If you’re interested in the particulars of their study, check it out in the August issue of Psychological Science (gated) or in its pre-publication, working paper version. Here’s a very brief overview:

There exists a moral-purity metaphor that likens moral goodness to physical cleanliness. In three studies, we explored an unstudied, and under-appreciated, aspect of this metaphor – its grounding in the colors black and white. We documented …that people make immorality-blackness associations quickly and relatively automatically.

…Sin is not just dirty, it is black. And moral virtue is not just clean, but also white.

…These findings may have implications for understanding racial prejudice. …[T]he tendency to see the black-white spectrum in terms of purity and contamination extends to skin color. Given that both blackness and immorality are considered powerful contaminants to be avoided, and that the category labels “black” and “white” are often applied to race, dark skin might also be easily associated with immorality and impurity. This may explain, in part, why stereotypes of darker-skinned people often allude to immorality and poor hygiene, and why the typical criminal is seen as both dark-skinned and physically dirty.

Sherman and Clore aren’t attributing unfavorable racial stereotypes solely, or even primarily, to the tendency to associate goodness with the color white and badness with the color black. But it’s a connection worth bearing in mind as we ponder the roots of prejudice

Comments

I wonder if the causality might run the other direction.

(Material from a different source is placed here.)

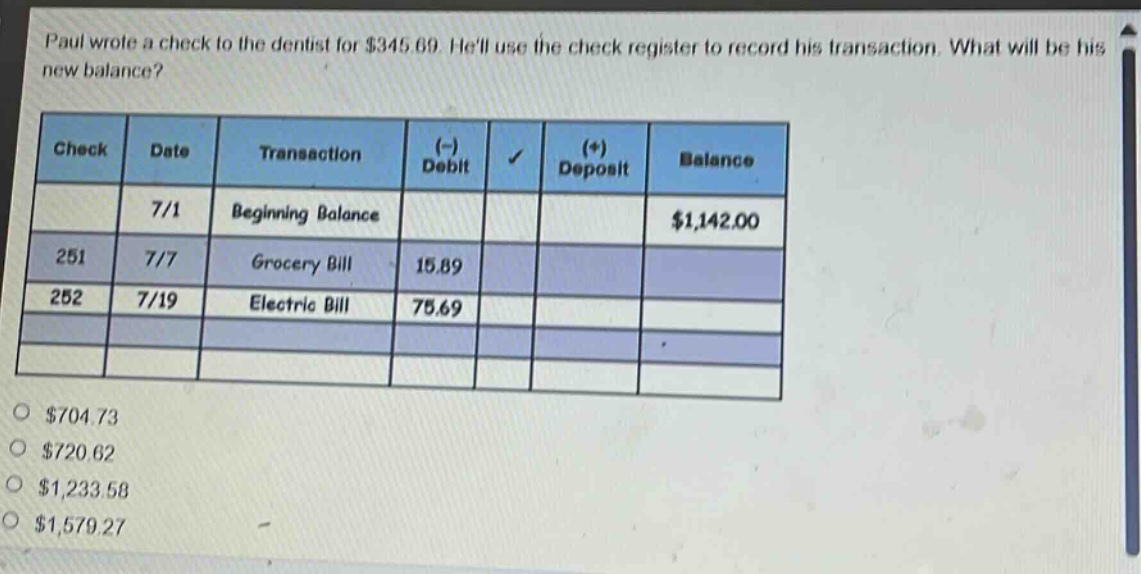 paul wrote a check to the dentist for $345.69. hell use the check register to record his transaction. what will be his new balance? check date transaction (-) debit (+) deposit balance 7/1 beginning balance $1,142.00 251 7/7 grocery bill 15.89 252 7/19 electric bill 75.69 $704.73 $720.62 $1,233.58 $1,579.27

We hold racial prejudices, which make us associated one color with good (white) and another color with bad (black).

Yes, I take your point, but in this particular instance the experiments are set up in ways that should be expected (at least I would expect!) to make the opposite causal interpretation less likely than it might otherwise be.

Maybe the causation goes in a third direction. Black people and white people are not literally those colors, they’re brown and peach. So it might be that the terms “black” and “white” were linguistically encouraged as a result of preexisting feelings of superiority felt by Europeans towards Africans.

I suppose a way to probe this idea would be to see what happens if you rerun this experiment with brown and peach instead of black and white.